Until recently, it made the upper echelons of a company or organization accountable.
However, it is now making its way to the marketing department so marketing professionals must be prepared.
Marketing takes a sizeable chuck out of a company’s budget for marketing and PR activities that have an enormous impact on customers and shareholders alike.
It makes sense that Sarbanes-Oxley forces every marketing executive to ensure that the processes that they are responsible for have security, integrity and financial accountability.
Nearly every department and/or function within a company or organization is subject to a severe Sarbanes-Oxley audit.
Until recently, marketing has remained fairly unaffected, resulting in highly inaccurate financial reporting by most corporations.
But marketing departments are now also forced to become financially accountable.
This makes sense: the marketing communication budget is often quite substantial - with corporate management being responsible for the procedures for financial reporting.
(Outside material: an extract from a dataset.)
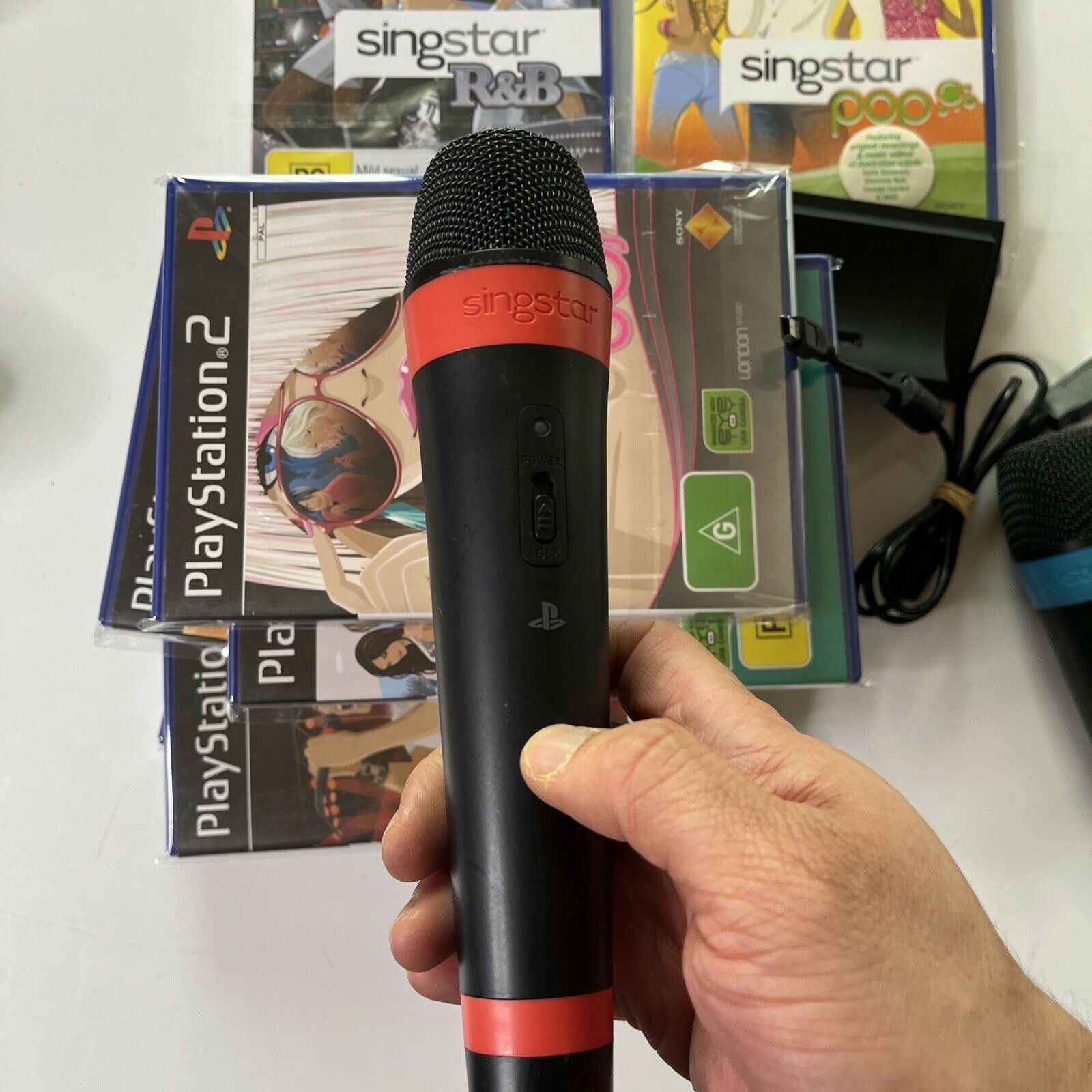 2x SingStar Wireless Microphone for PS2 PS3 with 8x SingStar PS2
Therefore, accurate and quantitative measurement of the marketing performance is required. To improve SOX compliance, a CEO or VP Marketing will demand that marketers use a chosen technology that forces marketing to tightly integrate with the company’s financial reporting.
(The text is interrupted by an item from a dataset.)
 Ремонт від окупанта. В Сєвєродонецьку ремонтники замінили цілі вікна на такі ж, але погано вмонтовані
How does SOX impact marketing and PR performance?
From "SOX on", marketers will play an instrumental role in the corporate compliance of the company.
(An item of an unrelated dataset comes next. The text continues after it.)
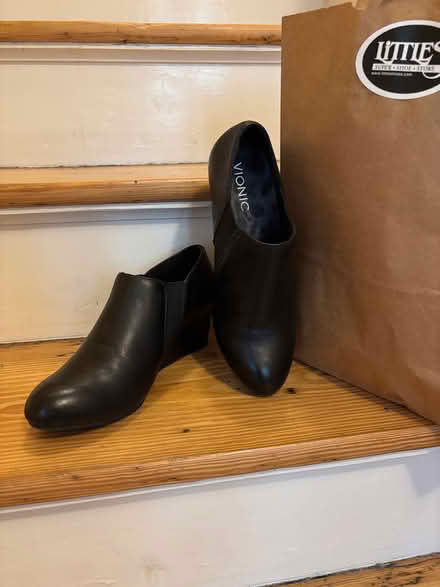 Photo of free Vionic women’s shoes size 7.5 (Regent Square) #1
Internal communications between marketing and the rest of the company or organization will improve, thus avoiding severe compliance risks, legal implications, and monetary risks.
The risk of erroneous representation will be reduced. This is important for those companies where marketing interacts with many different departments, such as R&D and Testing. Misrepresentation of a product or the company itself both internally and towards the public and press, can have severe repercussions. It can lead to brand and image damage - with financial and/or legal consequences.
Most importantly, it will put a stop to significant ad-hoc, unplanned operating expenses – no matter how justified.
These expenses are normally not accrued accurately, resulting in an error margin up to 10% in corporate profit & loss statements. Adequate financial reporting by the marketing staff will solve this problem.
For now, marketing and PR professionals might feel that they have to act "like accountants" and that their creativity will suffer, but in the long run the whole marketing discipline will benefit ensuring a high level of professionalism.